▶ Records for this exercise
• • • • •

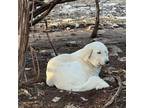 Adopt Mistletoe a Great Pyrenees, Anatolian Shepherd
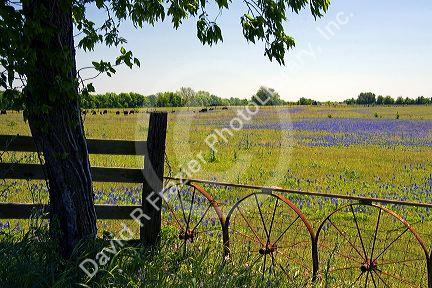 Field of Bluebonnet wildflowers in Washington County, Texas.
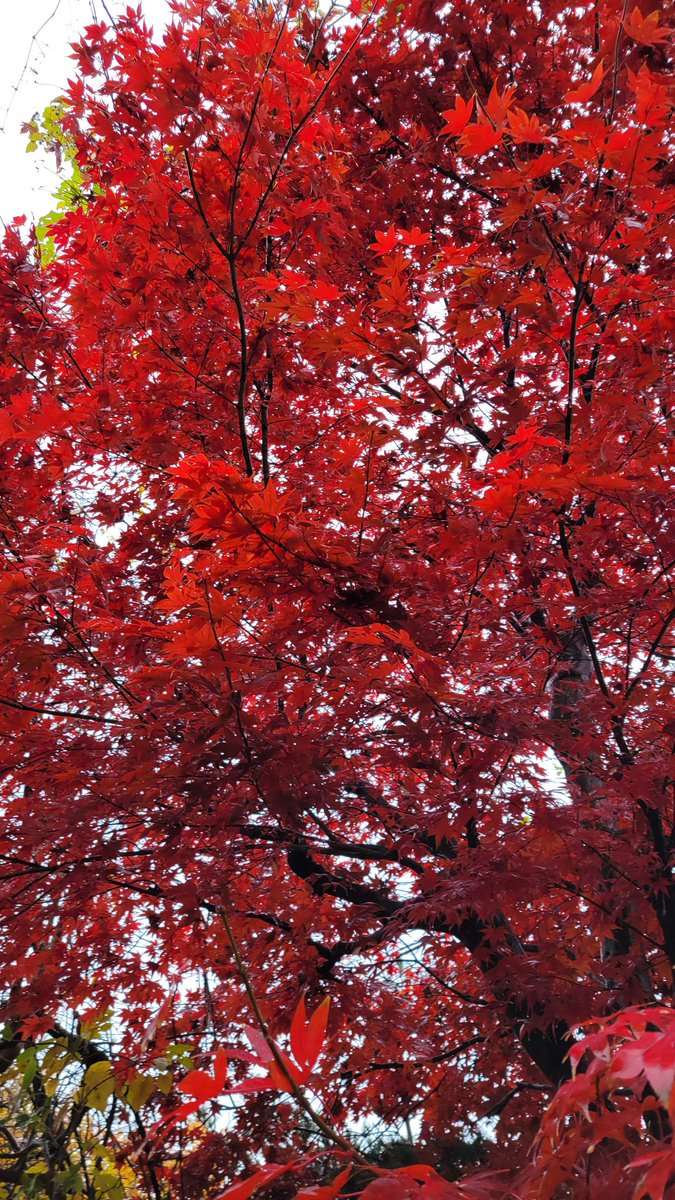 chillfull7's tweet photo. 今日もおつかれさまりす！
綺麗な、もみじを見つけました！

紅葉もだいぶ終わって、
寂しいですが、雪を楽しみにしている
子供達を見ると元気が出ます！！

皆様、ちるふるなひと時を！ https://t.co/3S0NLGowZ8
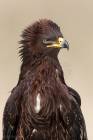 Greater Spotted Eagle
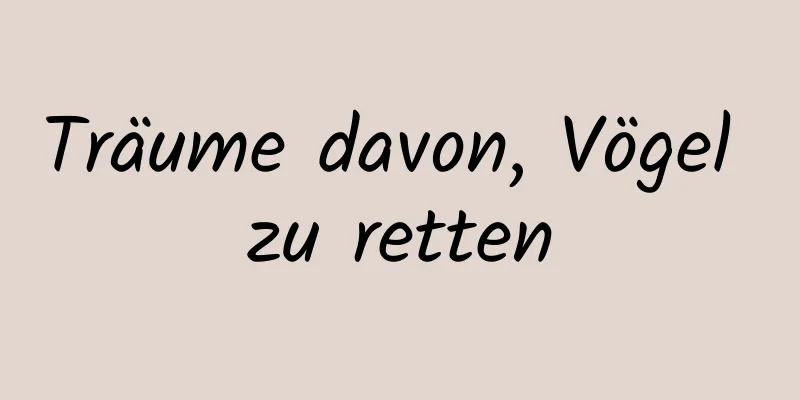 Träume davon, Vögel zu retten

• • • • •

▶ Your task
Only the pictures are left behind; write out everything else in the records exactly.

▶ Worked solution
 Adopt Mistletoe a Great Pyrenees, Anatolian Shepherd
 Field of Bluebonnet wildflowers in Washington County, Texas.
 chillfull7's tweet photo. 今日もおつかれさまりす！
綺麗な、もみじを見つけました！

紅葉もだいぶ終わって、
寂しいですが、雪を楽しみにしている
子供達を見ると元気が出ます！！

皆様、ちるふるなひと時を！ https://t.co/3S0NLGowZ8
 Greater Spotted Eagle
 Träume davon, Vögel zu retten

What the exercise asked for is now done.